En plus de la peur due aux tensions récentes et aux affrontements intercommunautaires, l’intensification du conflit achève de décourager les touristes… Bethléem est désertée. « Mais nous attendons un grand groupe, 2000 personnes », se réjouit un vendeur de la place de la Mangeoire, devant la basilique de la Nativité. Le groupe, un pèlerinage d’étudiants organisé par la Conférence des évêques de France, vient d’être annulé sur instruction du Ministère des affaires étrangères. Un vendeur d’une boutique de souvenir avance d’un air hésitant : « avec toutes ces roquettes, les Israéliens comprennent enfin ce que l’on vit tous les jours… ». Son collègue lui jette un regard désabusé « je ne pense pas que ça marche comme ça tu sais… ».

Abu A., qui tient un café dans la via Dolorosa, dégoûté par la politique de l’Autorité Palestinienne, envisage de voter Hamas. « Ils ont raison d’envoyer ces roquettes, il faut bien qu’ils se défendent eux aussi. Accepter un cessez-le-feu ? Pour quoi faire ? On en reviendrait exactement au même point qu’à la dernière guerre, rien ne change sur place et Israël peut reprendre les bombardements quand il veut ».

Le sentiment général est plutôt favorable au Hamas, souvent plus par fatigue et dépit que par réelle conviction politique. Beaucoup de Palestiniens respectent en effet le Hamas pour son action contre Israël, sans être forcément des supporteurs de sa ligne politique générale. La frustration envers Mahmoud Abbas et son gouvernement sont palpables et alimentent cette position. L’Autorité Palestinienne et le Fatah sont dans une position délicate, coincés entre un discours nationaliste promouvant la résistance, leur opposition au Hamas et leur rôle de sous-traitant de l’armée israélienne, la police palestinienne étant souvent contrainte de se plier aux ordres reçus et de s’interposer entre manifestants palestiniens et soldats israéliens.

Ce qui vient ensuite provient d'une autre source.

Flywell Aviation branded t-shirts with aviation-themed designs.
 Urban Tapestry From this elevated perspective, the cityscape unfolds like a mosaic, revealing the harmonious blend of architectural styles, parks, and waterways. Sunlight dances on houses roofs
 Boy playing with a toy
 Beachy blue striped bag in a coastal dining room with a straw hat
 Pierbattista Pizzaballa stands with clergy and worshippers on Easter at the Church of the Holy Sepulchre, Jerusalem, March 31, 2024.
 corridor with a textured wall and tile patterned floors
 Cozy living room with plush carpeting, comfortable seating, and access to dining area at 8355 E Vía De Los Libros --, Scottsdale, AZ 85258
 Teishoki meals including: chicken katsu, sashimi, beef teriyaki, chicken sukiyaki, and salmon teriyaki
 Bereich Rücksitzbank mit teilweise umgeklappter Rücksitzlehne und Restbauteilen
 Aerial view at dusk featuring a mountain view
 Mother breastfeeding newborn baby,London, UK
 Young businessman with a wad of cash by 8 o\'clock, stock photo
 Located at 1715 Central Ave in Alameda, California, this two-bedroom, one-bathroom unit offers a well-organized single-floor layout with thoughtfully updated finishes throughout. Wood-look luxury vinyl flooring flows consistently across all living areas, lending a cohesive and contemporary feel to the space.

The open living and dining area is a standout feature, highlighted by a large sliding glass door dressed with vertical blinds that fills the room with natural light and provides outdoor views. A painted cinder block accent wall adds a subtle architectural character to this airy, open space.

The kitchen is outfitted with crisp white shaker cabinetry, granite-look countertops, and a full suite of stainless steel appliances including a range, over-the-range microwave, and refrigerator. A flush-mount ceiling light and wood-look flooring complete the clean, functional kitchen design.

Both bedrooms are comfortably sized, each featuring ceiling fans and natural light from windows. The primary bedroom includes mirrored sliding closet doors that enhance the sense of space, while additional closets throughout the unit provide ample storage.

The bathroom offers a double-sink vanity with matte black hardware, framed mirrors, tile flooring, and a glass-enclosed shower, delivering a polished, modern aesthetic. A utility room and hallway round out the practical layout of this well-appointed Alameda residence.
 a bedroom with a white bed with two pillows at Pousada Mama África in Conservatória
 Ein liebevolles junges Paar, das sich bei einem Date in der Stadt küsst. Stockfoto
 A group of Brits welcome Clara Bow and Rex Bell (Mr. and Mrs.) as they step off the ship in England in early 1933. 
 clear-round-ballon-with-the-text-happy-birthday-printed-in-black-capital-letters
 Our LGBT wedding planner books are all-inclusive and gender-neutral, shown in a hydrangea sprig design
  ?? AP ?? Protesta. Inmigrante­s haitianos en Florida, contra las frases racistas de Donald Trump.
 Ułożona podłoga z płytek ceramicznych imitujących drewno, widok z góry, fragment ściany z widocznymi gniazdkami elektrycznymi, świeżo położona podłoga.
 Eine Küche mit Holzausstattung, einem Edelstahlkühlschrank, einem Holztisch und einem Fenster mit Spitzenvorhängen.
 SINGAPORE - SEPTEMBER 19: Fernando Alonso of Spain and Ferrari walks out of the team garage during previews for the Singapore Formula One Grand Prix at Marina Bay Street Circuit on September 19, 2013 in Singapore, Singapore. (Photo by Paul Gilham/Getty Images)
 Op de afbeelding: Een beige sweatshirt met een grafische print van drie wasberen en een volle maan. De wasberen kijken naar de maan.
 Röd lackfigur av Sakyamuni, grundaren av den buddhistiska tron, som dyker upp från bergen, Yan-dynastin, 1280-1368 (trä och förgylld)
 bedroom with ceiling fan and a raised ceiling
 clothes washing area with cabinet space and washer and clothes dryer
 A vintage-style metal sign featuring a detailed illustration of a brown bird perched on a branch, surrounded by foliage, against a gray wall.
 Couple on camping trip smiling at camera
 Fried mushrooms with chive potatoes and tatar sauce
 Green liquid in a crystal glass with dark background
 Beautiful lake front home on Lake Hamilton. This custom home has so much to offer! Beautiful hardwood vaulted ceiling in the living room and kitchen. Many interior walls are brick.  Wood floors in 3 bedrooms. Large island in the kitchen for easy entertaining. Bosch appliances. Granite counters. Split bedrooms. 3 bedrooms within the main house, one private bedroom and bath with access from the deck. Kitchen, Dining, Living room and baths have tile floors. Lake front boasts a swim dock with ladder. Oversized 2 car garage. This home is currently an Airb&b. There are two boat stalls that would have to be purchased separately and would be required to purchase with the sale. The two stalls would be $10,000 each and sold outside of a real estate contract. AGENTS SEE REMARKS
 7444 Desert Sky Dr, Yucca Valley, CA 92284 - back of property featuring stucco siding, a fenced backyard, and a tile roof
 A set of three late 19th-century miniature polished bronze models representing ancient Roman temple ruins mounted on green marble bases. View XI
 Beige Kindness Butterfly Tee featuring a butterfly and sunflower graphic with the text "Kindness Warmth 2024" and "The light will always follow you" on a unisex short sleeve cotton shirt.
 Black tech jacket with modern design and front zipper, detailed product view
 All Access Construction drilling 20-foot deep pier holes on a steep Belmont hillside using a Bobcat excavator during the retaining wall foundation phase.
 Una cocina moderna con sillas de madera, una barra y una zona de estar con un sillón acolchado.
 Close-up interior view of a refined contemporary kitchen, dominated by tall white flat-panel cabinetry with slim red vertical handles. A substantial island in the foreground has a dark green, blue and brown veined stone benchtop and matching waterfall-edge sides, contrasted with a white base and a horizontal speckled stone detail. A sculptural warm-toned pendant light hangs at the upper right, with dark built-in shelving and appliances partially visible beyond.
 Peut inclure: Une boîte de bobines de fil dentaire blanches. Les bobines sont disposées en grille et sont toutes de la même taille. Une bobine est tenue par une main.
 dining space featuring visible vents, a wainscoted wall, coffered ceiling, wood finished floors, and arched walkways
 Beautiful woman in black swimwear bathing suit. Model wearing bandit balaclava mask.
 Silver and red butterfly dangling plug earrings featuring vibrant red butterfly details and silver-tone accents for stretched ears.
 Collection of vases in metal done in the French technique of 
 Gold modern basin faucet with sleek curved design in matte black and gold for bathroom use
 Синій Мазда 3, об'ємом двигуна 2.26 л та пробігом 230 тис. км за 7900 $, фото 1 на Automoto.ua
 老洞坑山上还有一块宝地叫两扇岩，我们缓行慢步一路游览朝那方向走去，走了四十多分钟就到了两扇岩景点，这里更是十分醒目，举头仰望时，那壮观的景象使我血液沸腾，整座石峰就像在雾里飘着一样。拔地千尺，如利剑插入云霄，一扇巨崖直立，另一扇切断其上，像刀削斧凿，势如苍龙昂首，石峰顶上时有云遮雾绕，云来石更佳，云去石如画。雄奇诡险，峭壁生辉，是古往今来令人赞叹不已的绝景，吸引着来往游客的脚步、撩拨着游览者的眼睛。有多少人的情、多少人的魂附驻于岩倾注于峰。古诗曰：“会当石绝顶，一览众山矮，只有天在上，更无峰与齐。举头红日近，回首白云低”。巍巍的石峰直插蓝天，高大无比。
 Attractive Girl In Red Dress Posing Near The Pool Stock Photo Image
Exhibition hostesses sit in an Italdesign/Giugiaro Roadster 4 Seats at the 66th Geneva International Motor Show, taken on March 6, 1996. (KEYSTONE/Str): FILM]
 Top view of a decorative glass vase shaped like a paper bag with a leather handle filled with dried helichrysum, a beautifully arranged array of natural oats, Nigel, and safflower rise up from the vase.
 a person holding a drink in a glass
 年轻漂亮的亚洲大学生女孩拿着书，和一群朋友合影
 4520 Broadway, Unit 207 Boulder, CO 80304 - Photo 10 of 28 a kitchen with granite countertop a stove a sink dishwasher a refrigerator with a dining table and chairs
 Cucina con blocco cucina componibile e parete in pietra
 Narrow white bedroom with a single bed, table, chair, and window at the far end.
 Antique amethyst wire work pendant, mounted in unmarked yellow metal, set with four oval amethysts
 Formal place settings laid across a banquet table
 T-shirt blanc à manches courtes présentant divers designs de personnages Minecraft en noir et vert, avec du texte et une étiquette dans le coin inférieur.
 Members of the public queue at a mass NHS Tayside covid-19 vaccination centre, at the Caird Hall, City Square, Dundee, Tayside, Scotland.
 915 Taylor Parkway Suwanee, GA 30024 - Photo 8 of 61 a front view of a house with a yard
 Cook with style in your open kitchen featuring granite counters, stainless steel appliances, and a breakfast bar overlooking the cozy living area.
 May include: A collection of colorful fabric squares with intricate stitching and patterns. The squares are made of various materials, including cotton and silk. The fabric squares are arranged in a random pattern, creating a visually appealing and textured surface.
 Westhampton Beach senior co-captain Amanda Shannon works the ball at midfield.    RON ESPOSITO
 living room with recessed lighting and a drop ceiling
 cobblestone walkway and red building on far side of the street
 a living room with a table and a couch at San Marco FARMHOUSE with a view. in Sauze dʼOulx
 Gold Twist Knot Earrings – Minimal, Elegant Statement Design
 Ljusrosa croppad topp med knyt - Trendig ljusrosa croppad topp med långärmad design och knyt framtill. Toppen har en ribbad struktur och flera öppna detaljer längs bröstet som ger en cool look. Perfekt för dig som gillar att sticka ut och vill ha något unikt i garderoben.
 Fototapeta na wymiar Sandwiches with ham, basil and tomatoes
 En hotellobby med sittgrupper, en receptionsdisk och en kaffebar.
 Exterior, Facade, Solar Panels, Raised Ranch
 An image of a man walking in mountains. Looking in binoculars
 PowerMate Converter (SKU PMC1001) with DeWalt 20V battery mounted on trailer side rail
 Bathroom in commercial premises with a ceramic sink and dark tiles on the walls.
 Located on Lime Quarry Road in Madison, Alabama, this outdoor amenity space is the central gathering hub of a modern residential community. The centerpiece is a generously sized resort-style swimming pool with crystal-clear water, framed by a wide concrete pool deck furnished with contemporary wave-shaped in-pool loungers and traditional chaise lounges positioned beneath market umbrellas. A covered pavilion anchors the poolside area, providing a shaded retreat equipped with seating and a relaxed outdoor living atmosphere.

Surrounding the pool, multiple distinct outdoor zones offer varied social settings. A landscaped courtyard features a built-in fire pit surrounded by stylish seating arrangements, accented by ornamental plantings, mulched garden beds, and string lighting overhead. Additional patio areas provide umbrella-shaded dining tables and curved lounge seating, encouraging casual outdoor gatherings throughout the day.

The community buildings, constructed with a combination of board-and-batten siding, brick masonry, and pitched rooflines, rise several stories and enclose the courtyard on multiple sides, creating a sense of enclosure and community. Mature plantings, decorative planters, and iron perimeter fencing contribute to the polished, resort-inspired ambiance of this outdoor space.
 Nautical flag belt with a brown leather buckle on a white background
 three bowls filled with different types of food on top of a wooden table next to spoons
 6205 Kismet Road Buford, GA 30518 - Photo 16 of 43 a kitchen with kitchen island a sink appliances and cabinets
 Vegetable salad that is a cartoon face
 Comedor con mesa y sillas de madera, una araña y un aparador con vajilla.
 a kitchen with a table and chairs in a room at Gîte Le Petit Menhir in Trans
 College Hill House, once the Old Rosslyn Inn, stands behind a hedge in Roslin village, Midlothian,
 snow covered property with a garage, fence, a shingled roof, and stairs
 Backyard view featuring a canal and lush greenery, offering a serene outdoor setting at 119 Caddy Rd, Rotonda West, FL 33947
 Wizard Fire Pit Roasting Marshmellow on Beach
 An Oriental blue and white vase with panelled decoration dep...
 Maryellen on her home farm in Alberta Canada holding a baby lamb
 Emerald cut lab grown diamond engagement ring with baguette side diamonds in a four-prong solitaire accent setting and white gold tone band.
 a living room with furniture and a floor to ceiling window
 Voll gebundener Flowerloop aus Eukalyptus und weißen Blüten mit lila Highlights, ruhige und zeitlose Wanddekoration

M., serveur d’un bar de Jérusalem, athée convaincu (et discret), sympathisant du Fatah depuis des années, admet que le Hamas a gagné son respect. « Uniquement en ce qui concerne le conflit, je ne voterai pas pour eux. Ça me fend le cœur de voir ces gens blessés par les roquettes, mais au moins ils font quelque chose. Abu Mazen est un bon politicien, mais il ne fait rien ».

Les Iphone chauffent. Les vidéos, les photos de Gaza tournent sur Facebook, les bombardements, les réfugiés, les enfants défigurés par les bombes… Le déséquilibre, la disproportion entre « la guerre » des Israéliens et celle vécue par la population de Gaza effare les Palestiniens ; cela justifie que ce qu’ils vivent, à Jérusalem, en Cisjordanie ou en Israël ne soit qu’une « situation ».

Dans le marché d’Hébron, un père fait répéter à sa petite fille « bahebb Gaza », ‘j’aime Gaza’. Non loin de là, les pierres s’entassent devant le checkpoint 56, passage entre la place de Bab al-Zawiye, au cœur de H1, la zone sous autorité palestinienne, et la rue Shuhada, ancienne artère de la ville passée sous contrôle israélien, qui cinquante mètres après le checkpoint est interdite aux Palestiniens. Le soutien à Gaza s’exprime notamment à travers les affrontements qui éclatent chaque soir à travers la Cisjordanie et à Jérusalem Est.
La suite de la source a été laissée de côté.